With the images removed, repeat the data below exactly.

*** Source material Section Begins ***

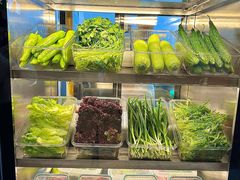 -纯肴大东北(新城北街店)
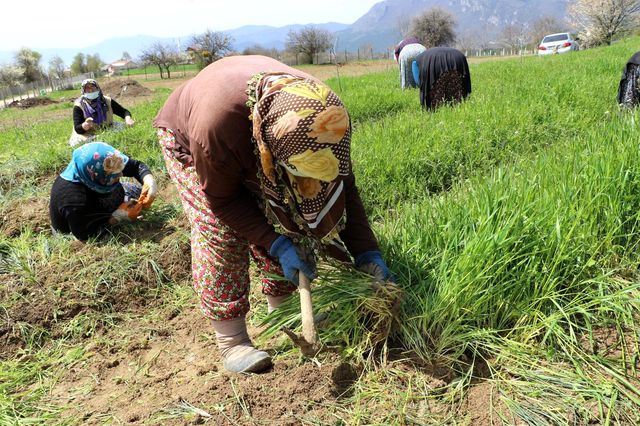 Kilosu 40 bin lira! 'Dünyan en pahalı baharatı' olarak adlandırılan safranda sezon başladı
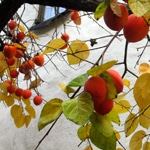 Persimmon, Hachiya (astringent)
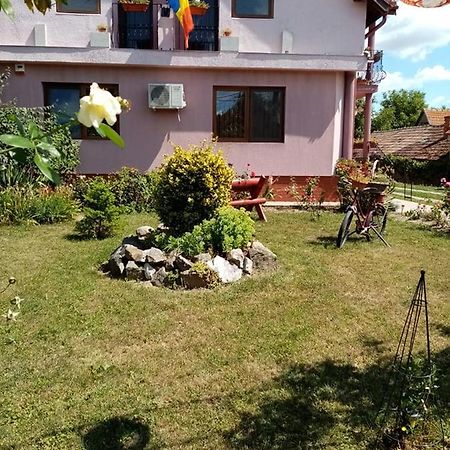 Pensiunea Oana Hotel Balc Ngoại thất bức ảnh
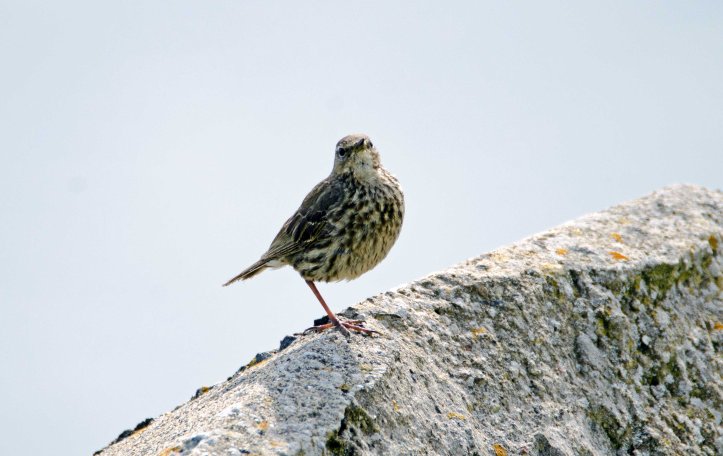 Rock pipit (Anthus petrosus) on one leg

*** Source material Section Ends ***

(Answer for this exercise)
 -纯肴大东北(新城北街店)
 Kilosu 40 bin lira! 'Dünyan en pahalı baharatı' olarak adlandırılan safranda sezon başladı
 Persimmon, Hachiya (astringent)
 Pensiunea Oana Hotel Balc Ngoại thất bức ảnh
 Rock pipit (Anthus petrosus) on one leg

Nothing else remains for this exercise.